3rd Round (87th overall): Grant McCray, CF, Lakewood Ranch HS (Fla.)
The signing bonus on the McCray pick will be an interesting one to watch. McCray ranked 221st on Baseball America’s board and that seems around consensus, which would make him a pretty sizable reach by the San Francisco Giants in the third round.
With that said, reading too much into rankings is easy to do. At this point in the draft, the difference between the player ranked 80th and 300th is probably smaller than the difference between the 1st and 20th prospect on most boards. McCray is a Florida State commit and that should give him plenty of leverage to get close to slot money.
McCray’s dad, Rodney McCray, had a few cups of coffee in the big leagues from 1990-1992 and made one of the most memorable plays in minor league baseball history when he crashed through an outfield fence.
Like his dad, Grant profiles as a toolsy center fielder whose plus speed helped him on the track and football teams in high school. He has an athletic 6’1′, 170-pound frame with room for projection and scouts see some strength in his body. At the plate, he looks comfortable with quick hands that allow him to make consistent contact from the left side of the plate.

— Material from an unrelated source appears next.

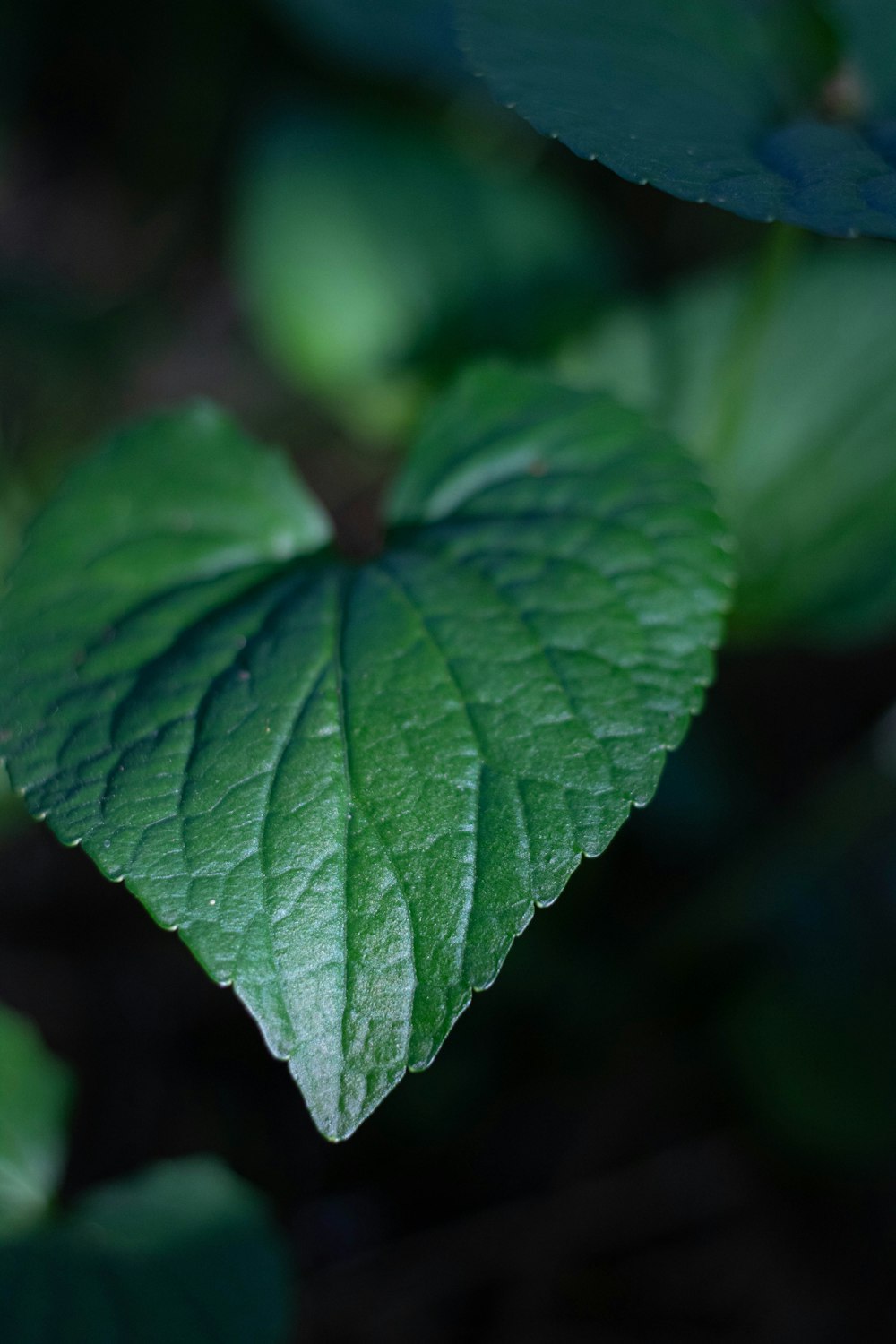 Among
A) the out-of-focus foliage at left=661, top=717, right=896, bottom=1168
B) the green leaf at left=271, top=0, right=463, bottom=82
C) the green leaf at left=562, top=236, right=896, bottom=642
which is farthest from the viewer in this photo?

4th Round (116th overall): Tyler Fitzgerald, SS, Louisville
This draft class was stacked at the shortstop position both at the college and high school levels. While I was calling for the San Francisco Giants to go this way earlier with a player like Matthew Lugo, they ended up grabbing a number of better values later.

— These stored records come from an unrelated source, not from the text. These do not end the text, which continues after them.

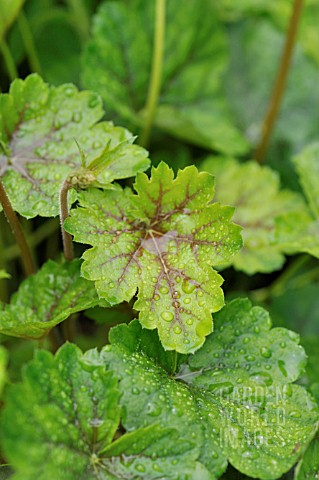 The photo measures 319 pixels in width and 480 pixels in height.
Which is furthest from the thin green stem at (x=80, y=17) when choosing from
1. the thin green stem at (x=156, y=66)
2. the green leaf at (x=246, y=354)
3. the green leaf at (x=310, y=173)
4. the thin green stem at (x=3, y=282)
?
the green leaf at (x=246, y=354)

Fitzgerald doesn’t have any standout tool, but consistently grades with 45s/50s across the board. He took a big step forward with the bat this year and I’m curious to see if the Giants explore a swing change to tap into some more of his power.
FanGraphs Prospects was very high on Fitzgerald, ranking him 75th on their board and saying he was a “streaky-hitting shortstop has everyday tools.” As a fourth-round selection, he’s already being compared to Brandon Crawford, but Fitzgerald has a different profile.
He has a more developed hit tool than Crawford did at this point in his career, but also doesn’t have the arm strength that Crawford did. He’s also a superior athlete to Crawford.
5th Round (146th overall): Garrett Frechette, 1B/OF, Orange Lutheran HS (Calif.)
Frechette has a really smooth left-handed swing and his 6’3”,195-pound frame gives scouts room to dream on his power potential as he fills in. He’s pretty athletic for his size and might be able to handle a corner outfield spot.
It’s easy to dream that a player like Frechette could turn into Cody Bellinger if everything clicks, but the truth is he’s a far cry from what Bellinger was as a prep prospect.
Frechette transferred high schools before his senior year to get more exposure but then dealt with a series of injuries that limited his playing time. He only managed three extra-base hits on the season and will be a big project for the coaches at the lower levels of the minor leagues.
6th Round (176th overall): Dilan Rosario, SS, Colegio Marista HS (PR)
Rosario is my favorite pick of Day 2 for the Giants. The USC commit may be the best defensive prep shortstop in the draft and he shows great hand-eye coordination and bat-to-ball skills.
While he is able to square up balls consistently, he doesn’t drive the ball much and adding strength will be priority one as a professional.
Even if he can just develop some gap power, he has the tools to turn into a productive everyday player.